Dataset excerpts Start Marker
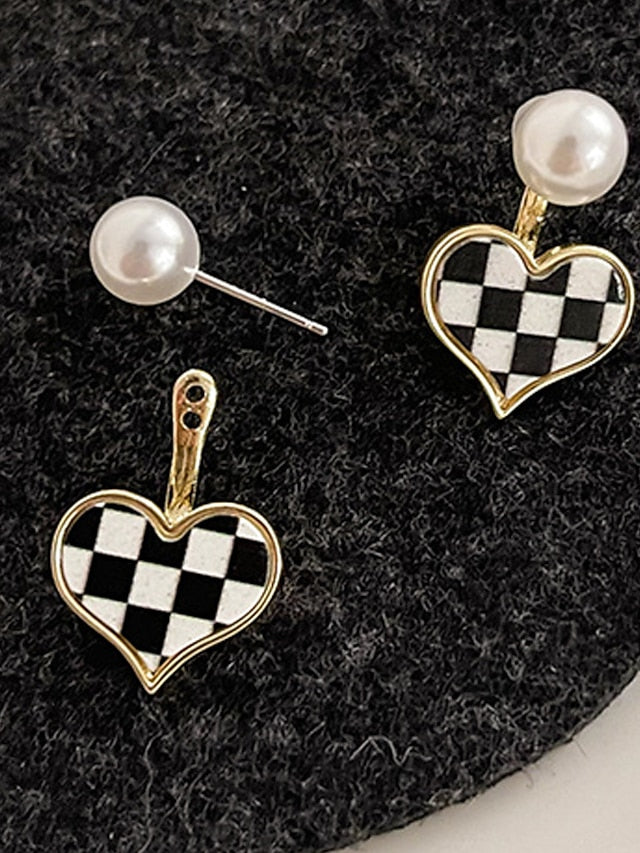 Earrings Chic & Modern Street Plaid Earring / Imitation Pearl / Black / Fall / Winter / Spring for Women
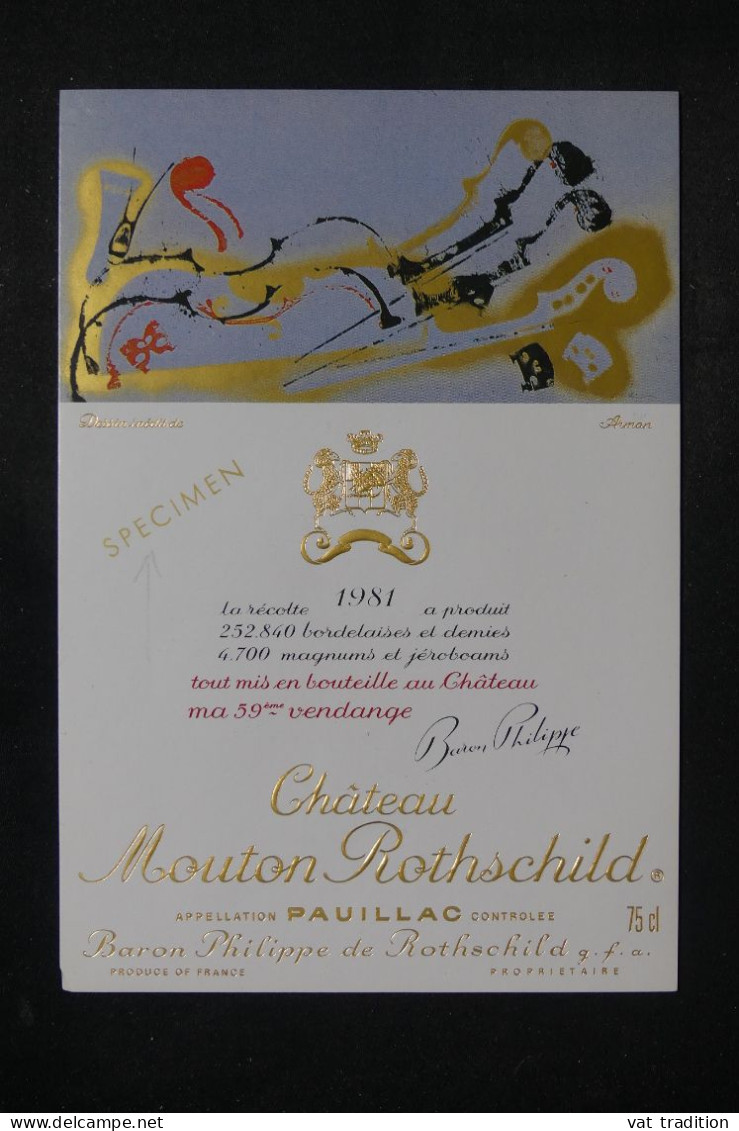 VINS  - Étiquette De Vin ( SPECIMEN )  Château Mouton Rothschild En 1981 - L 150752 - Bordeaux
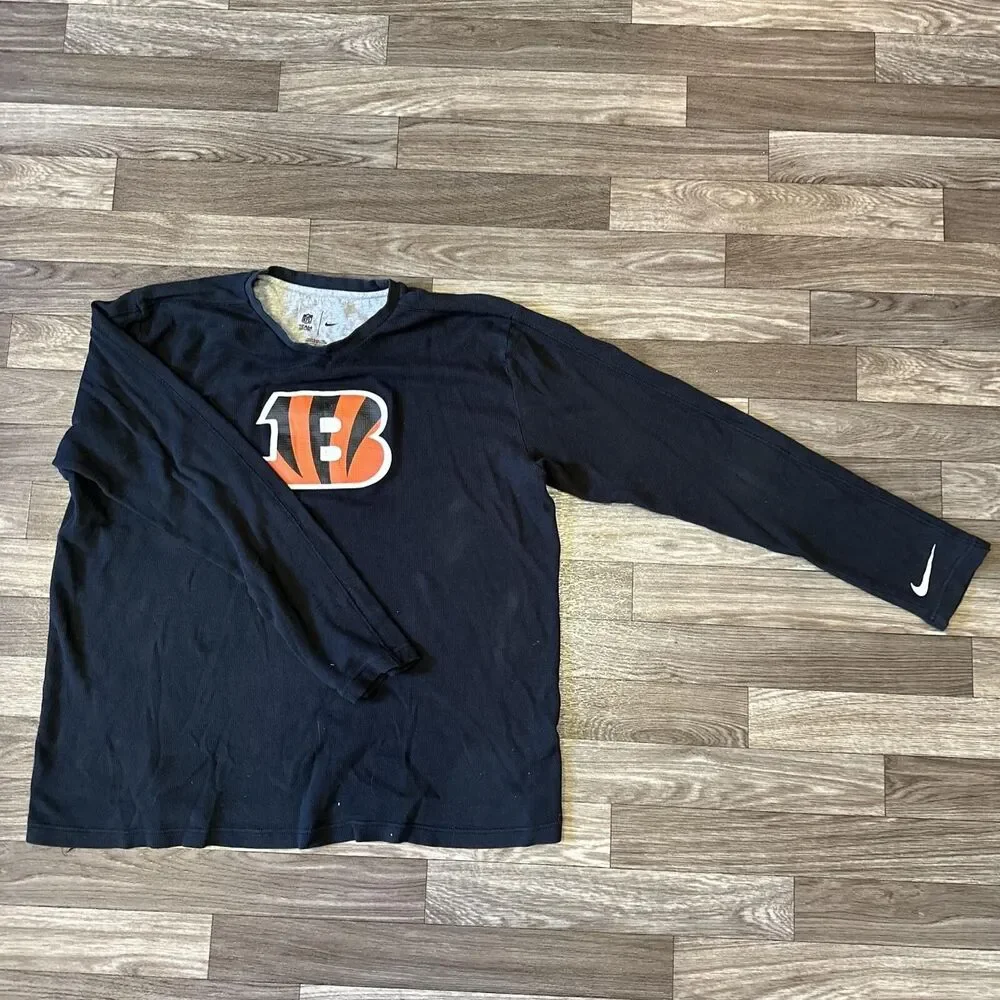 Nike Cincinnati Bengals Long Sleeve Thermal Shirt Men’s Large Black Swoosh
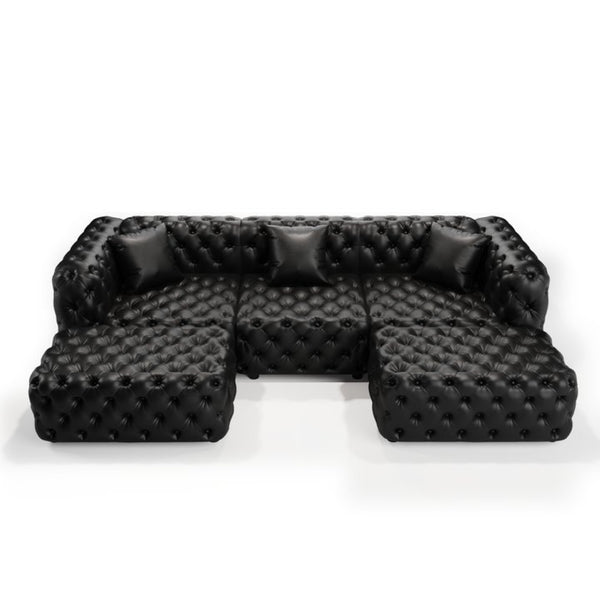 English Elm 105.7" Modular Faux Leather Sectional Sofa Button Tufted Italian Style with Ottomans Black W1885S00523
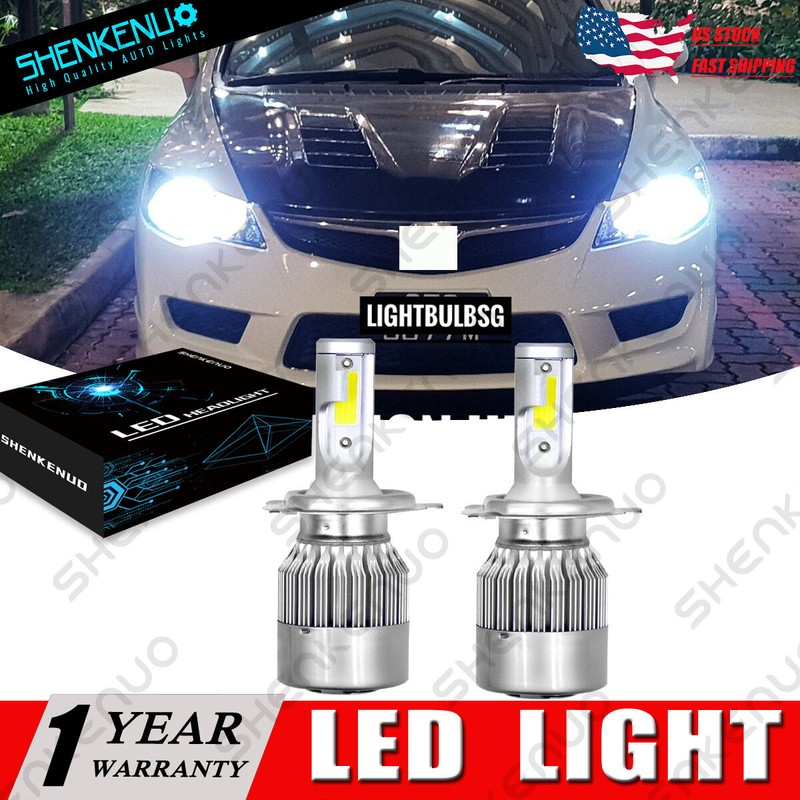 For HONDA CIVIC 1992-2003 6000K C6B ED Headlight Headlamp Hi/Lo Beam Bulbs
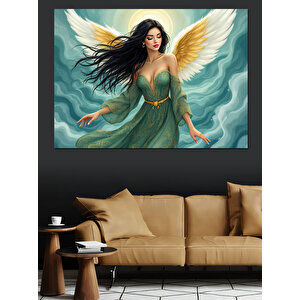 Yeşil Elbiseli Melek Kadın Dekoratif Kanvas - Mdf Ahşap Tablo 100x140 cm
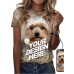 Women's T shirt Tee Dog Custom Print Gray Print Short Sleeve Daily Weekend Basic Round Neck Regular Fit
Dataset excerpts End Marker
Reproduce, word for word, every line from the start of the records down to and including the line with "Nike Cincinnati Bengals"; skip the pictures.

__Answer__:
 Earrings Chic & Modern Street Plaid Earring / Imitation Pearl / Black / Fall / Winter / Spring for Women
 VINS  - Étiquette De Vin ( SPECIMEN )  Château Mouton Rothschild En 1981 - L 150752 - Bordeaux
 Nike Cincinnati Bengals Long Sleeve Thermal Shirt Men’s Large Black Swoosh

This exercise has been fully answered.